### ABOUT THIS TASK
List each line of the data that holds the string "young", please.
[[ ENTRIES PROVIDED open ]]
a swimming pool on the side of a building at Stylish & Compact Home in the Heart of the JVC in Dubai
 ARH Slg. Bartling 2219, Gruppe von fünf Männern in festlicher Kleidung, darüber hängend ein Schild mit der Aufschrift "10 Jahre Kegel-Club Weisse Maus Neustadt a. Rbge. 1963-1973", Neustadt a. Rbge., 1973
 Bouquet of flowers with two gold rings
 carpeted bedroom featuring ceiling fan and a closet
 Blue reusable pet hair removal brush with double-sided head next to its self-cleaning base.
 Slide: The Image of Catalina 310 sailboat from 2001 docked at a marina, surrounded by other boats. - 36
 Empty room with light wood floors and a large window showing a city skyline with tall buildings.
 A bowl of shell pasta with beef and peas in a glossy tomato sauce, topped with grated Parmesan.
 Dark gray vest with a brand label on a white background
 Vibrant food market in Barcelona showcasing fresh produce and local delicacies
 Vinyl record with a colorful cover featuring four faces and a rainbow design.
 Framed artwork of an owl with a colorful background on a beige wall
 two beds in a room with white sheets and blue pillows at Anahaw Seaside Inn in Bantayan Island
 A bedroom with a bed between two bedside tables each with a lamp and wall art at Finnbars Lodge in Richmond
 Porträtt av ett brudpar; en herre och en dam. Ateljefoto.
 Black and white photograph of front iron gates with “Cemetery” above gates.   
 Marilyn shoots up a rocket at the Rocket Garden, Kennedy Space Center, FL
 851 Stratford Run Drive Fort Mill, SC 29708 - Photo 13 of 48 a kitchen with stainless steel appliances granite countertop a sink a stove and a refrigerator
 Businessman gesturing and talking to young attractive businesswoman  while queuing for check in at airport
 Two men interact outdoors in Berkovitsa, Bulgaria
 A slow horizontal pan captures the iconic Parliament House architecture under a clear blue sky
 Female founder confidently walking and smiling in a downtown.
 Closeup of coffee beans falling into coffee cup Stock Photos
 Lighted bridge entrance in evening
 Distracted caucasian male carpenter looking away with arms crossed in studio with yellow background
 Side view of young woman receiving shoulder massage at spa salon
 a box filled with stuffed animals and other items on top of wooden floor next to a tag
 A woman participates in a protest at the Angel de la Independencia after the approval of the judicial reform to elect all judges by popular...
[[ ENTRIES PROVIDED closed ]]
### ANSWER TO THIS EXERCISE
 Businessman gesturing and talking to young attractive businesswoman  while queuing for check in at airport
 Side view of young woman receiving shoulder massage at spa salon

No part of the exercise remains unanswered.